Le cœur de la résurgence de l'empire

Mais la civilisation russe originelle était plus forte que les bolcheviks : elle a germé en URSS de l'intérieur, malgré l'opposition des dirigeants du Komintern. Les idées des Shmenovekhovites vaincus ont été reprises par le groupe de Zhdanov à Leningrad. Dans les années 1960, une décennie et demie après l'exécution des personnes impliquées dans l'"affaire Leningrad", le "Parti russe" a de nouveau parlé d'identité nationale : sa voix a été entendue de nouveau par les écrivains dévots, le peintre Ilya Glazunov, le compositeur Georgy Sviridov et bien d'autres. Après avoir survécu à la bacchanale de la russophobie pendant les années de la perestroïka et de l'eltsinisme, l'idée de l'identité russe gagne à nouveau en force ces jours-ci.

H2787-L254166815.jpg

La popularité de la série télévisée Godunov, avec Sergei Bezrukov en vedette, confirme que les gens s'intéressaient beaucoup à l'histoire de l'État russe.

Non seulement cela, mais l'adieu de la civilisation russe à l'Occident semble n'avoir aucune alternative, même pour une partie de l'élite pro-occidentale. Canaan (c'est ainsi que j'appellerai la totalité des forces obscures de l'histoire du monde, dont les principaux signes sont la soif de richesse, la piété et la dépravation morale) est en train de tuer les restes de l'Europe, que Dostoïevski appelait autrefois "le pays des saintes merveilles". Sous nos yeux se forme un monstre totalitaire sodomite, qui a lancé une attaque contre les vestiges de la haute culture chrétienne européenne, désormais proclamée raciste. Par conséquent, en revenant aux idéaux de la Troisième Rome et de la Sainte Russie, nous créons également pour les chrétiens du monde entier une alternative aux non-valeurs du déclin de l'Occident.

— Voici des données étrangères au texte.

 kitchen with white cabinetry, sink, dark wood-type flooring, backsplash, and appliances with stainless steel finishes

Au sommet de la hiérarchie des valeurs culturelles devraient certainement figurer celles qui sont issues de l'orthodoxie. L'âge d'or de la littérature russe nous a donné Pouchkine et Gogol, Dostoïevski et Leskov. Tous les classiques russes sont imprégnés de l'esprit de l'orthodoxie. L'école soviétique l'a adapté du mieux qu'elle a pu aux pionniers et aux membres du Komsomol, tout en conservant les idéaux éthiques de bonté, d'amour et de loyauté. C'est sur cette base solide que nous devons construire notre politique publique culturelle. Les classiques russes, dans les nouvelles formes du XXIe siècle, devraient devenir le principal noyau culturel de l'Empire renaissant.

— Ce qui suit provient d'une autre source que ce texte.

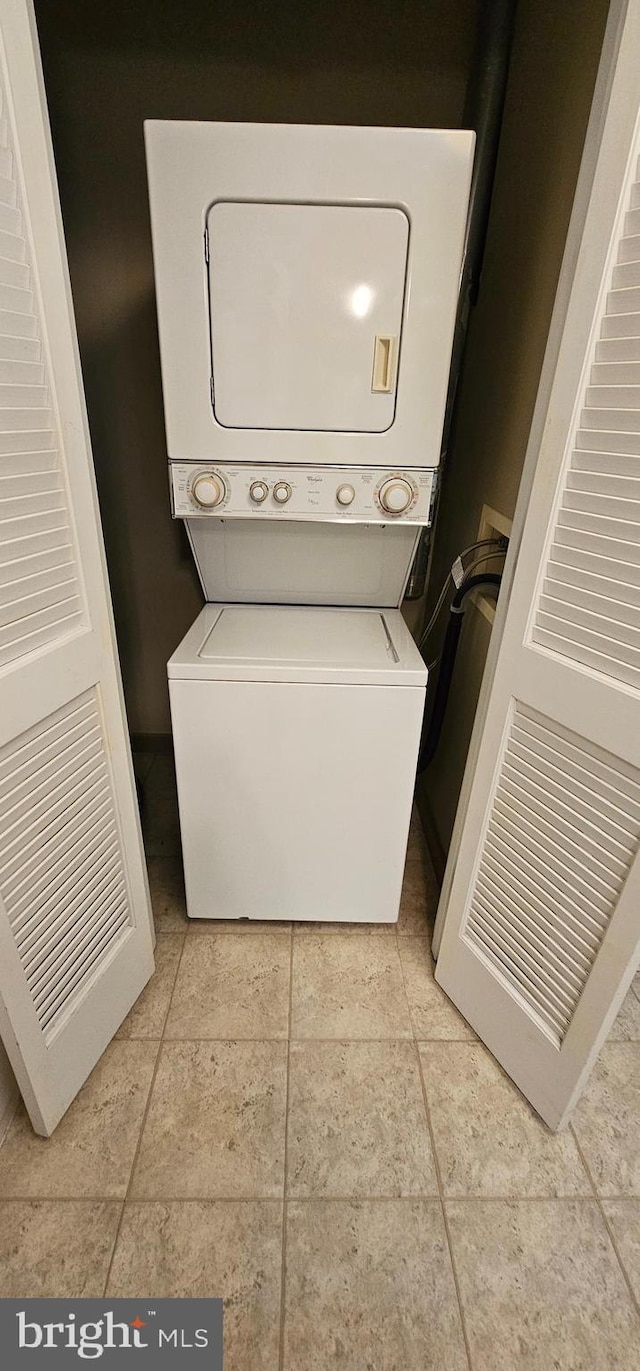 laundry area with stacked washer and clothes dryer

Du bagage du 20e siècle, nous devrions retirer la science-fiction soviétique originale dans le genre de l'utopie qui nous met sur la voie d'un avenir meilleur. À cet égard, il contraste fortement avec les dystopies occidentales dont le but est de démoraliser le public face à une "réinitialisation" totalitaire. Les gens peuvent plus facilement accepter un camp de concentration numérique, une pandémie meurtrière ou la domination des robots s'ils ont lu et regardé des histoires d'horreur sur ces sujets dès leur enfance. Au contraire, la fiction soviétique de Belyaev, Efremov, Bulychev et d'autres a créé des mondes d'un bel avenir, auxquels l'âme chrétienne russe a volontiers cru.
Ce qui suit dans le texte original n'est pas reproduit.